More about guinea pig
This little piggy… isn’t a pig at all! Guinea pigs, also called cavies, are stout little rodents from various regions of South America. The best known of this family is the domesticated guinea pig (Cavia porcellus) that is commonly kept as a pet, and is broken down into approximately 13 breeds.
It’s believed that the Incas domesticated guinea pigs more than 3,000 years ago, and Spanish explorers brought guinea pigs back from the Andes of South America to Europe, where they were kept as exotic pets. The other members of the genus Cavia can still be found in the wilderness across the continent.
So where did the name “guinea pig” come from? Theories include that one guinea was the cost of one in 16th century England; the name could reflect on the squealing sound the rodents make; or that their meat is similar in taste to suckling pig. It’s also possible that ships leaving the port of Guiana in South America or Guinea in West Africa may have transported the rodents to Europe and the name stuck.
The extended family. Guinea pigs are more distantly related to the rodents in the genera Microcavia, Galea, Hydrochoerus, Kerodon, and Dolichotis; which include other cavies, capybaras, and maras. The greater capybara Hydrochoerus hydrochaeris, for example, is the largest rodent in the world.

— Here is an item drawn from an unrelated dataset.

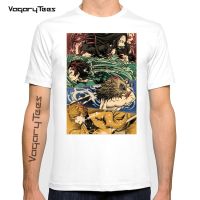 เสื้อยืดคอกลมVintage Demon Slayer T เสื้อสั้นสำหรับผู้ชายแขน Kimetsu ไม่มี Yaiba Nezuko เสื้อยืด Tanjiro Kamado Cal มังงะอะนิเมะของขวัญS-5XL S-5XL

A family resemblance. While the various types of cavy differ in size, there are some shared characteristics: a stout body, a short tail, a large head with short ears, and continuously growing, flat-crowned jaw teeth (20 of them). Their dense, coarse coat ranges from olive-, cinnamon-, and reddish-brown to yellowish-gray. Some, such as the greater guinea pig (C. magna) sport shiny black streaks down their backs. Underparts are usually whitish to gray. The soles of their feet are hairless and claws are sharp. When it comes to domestic guinea pigs, a range of colors, hair length, and coat texture are possible.